Simply a load balancer is a device or software that distribute incoming network traffic across multiple servers to ensure High availability (HA), efficiency and reliability of the application.

If one server goes down the load balancer route traffic to available other servers, this eliminates the single point of failure and if a new server was added to the system, load balancer starts serving traffic through it.

Let's see a simple web application without load balancing




In the above typical example, User connects with the web-server directly through the internet, if the single web-server goes down, the user no longer will be able to use the application. This is a single point of failure.
Also if the network load is too high which cannot handle to a single server, the users may experience low response time or system might crash at some point.
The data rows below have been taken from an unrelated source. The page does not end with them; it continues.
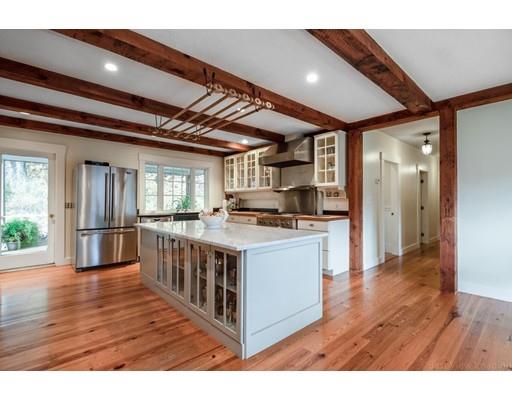 31 Taft Road Sterling, MA 01564 - Photo 7 of 23 a open kitchen with stainless steel appliances granite countertop a stove and a refrigerator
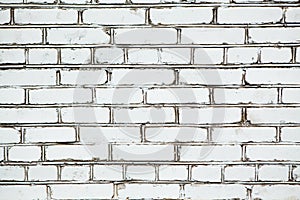 Background white brick wall with dark seams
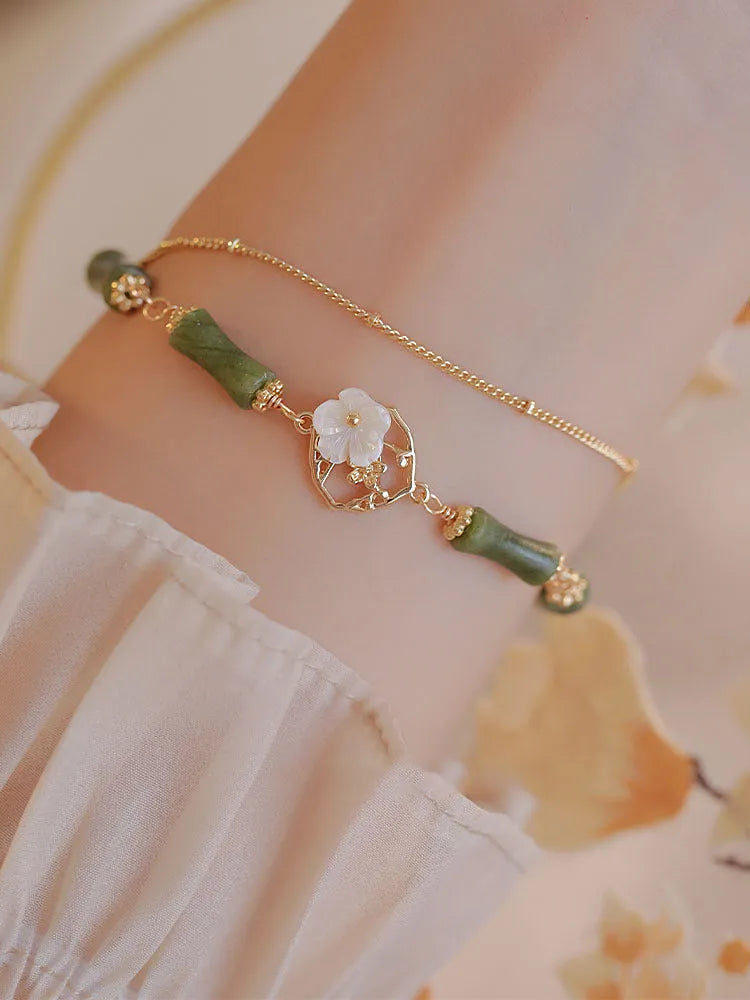 Natural olivine double layer bracelet with Twin Bells of Ireland charms and olive branch decoration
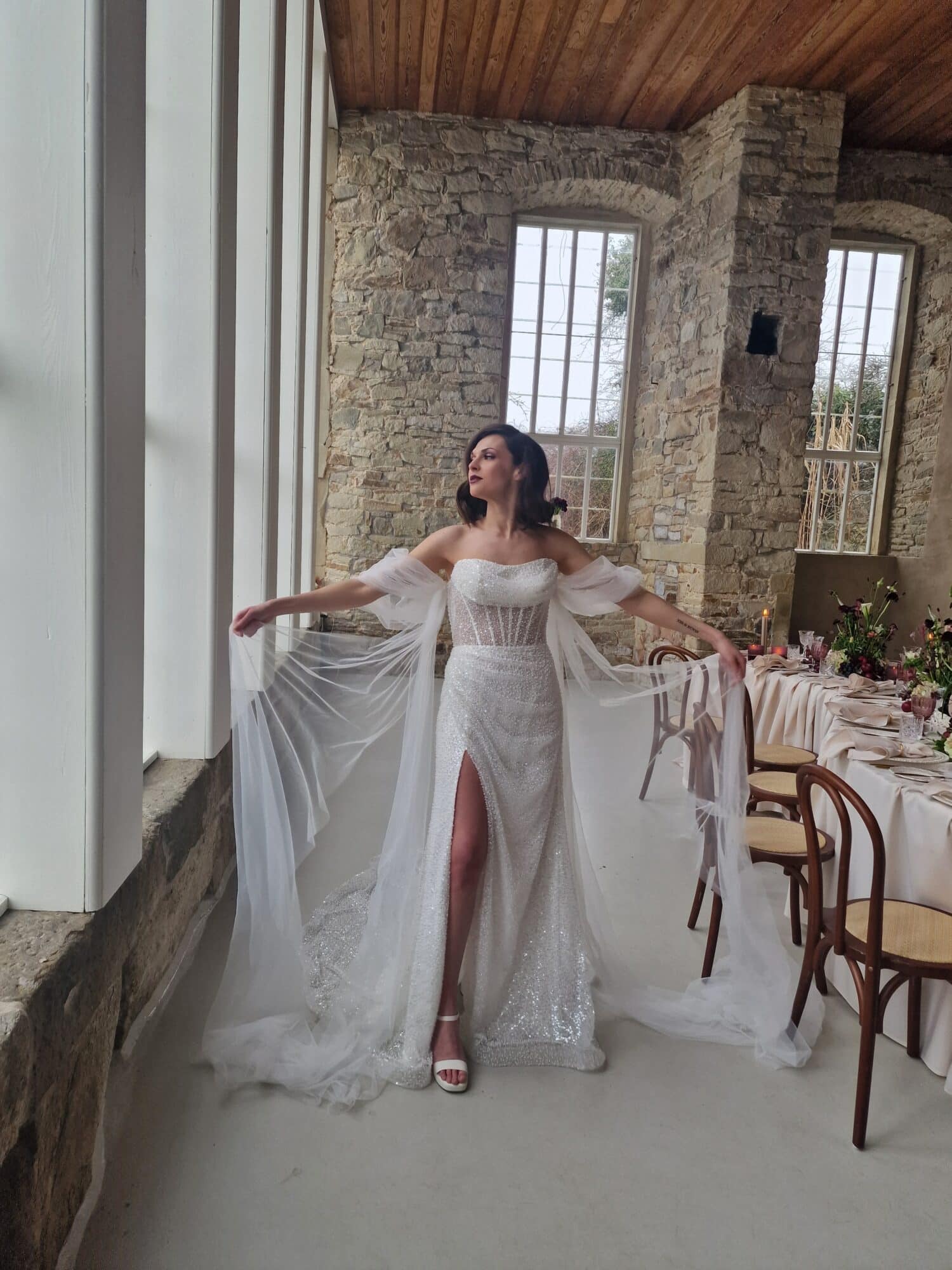 mediterrane hochzeit braut im kleid mit aermeln vor tisch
Now to overcome the above issues, load balancers were introduced.


The request from user now will be forwarded to the load balancer and then to the selected backend server. These servers maintain similar state to avoid sending back inconsistent data back to the user.
Now even one server goes down, the load balancer will route traffic to the available server, but still, there is a single point of failure which is the load balancer itself.
This can be overcome by introducing another load balancer.

Types of load balancers

1) Hardware 
Hardware load balancer is a physical device which use to route network traffic to servers based on server status like resource utilization, no of connection to the server etc. 
HLB is in Layer 4 (Transport) and Layer 7 (Application) OSI model. Layer 4 servers are used for tunneling and routing. Layer 7 servers are used to form a delivery network.
Eg:  F5

2) Software
Software load balancer is a piece of software that installed and configure to a server to perform load balancing.
Eg: Nginx, HAproxy, Varnish

Load balancers only forward traffic to healthy backend servers. Health checks are regularly run to monitor the health of a backend server. Basically what a health check does is checking the backend servers are listening.

Load balancing algorithms

Load balancing algorithms decide the logic behind routing the traffic, below are few popular algorithms used to load balancing.
  • Round Robin
For the first request, the Load Balancer picks the first server from the server list then move down in the order. This runs sequentially.
  • Least Connection
As the name suggests it selects the server with the least connections.
  • Source/Ip hash
In source load balancing is determined by the client/source IP address using the hash of the IP address. 

Conclusion

This blog post is about the fundamentals of the load balancing, this will help you to explore more and understand the basics.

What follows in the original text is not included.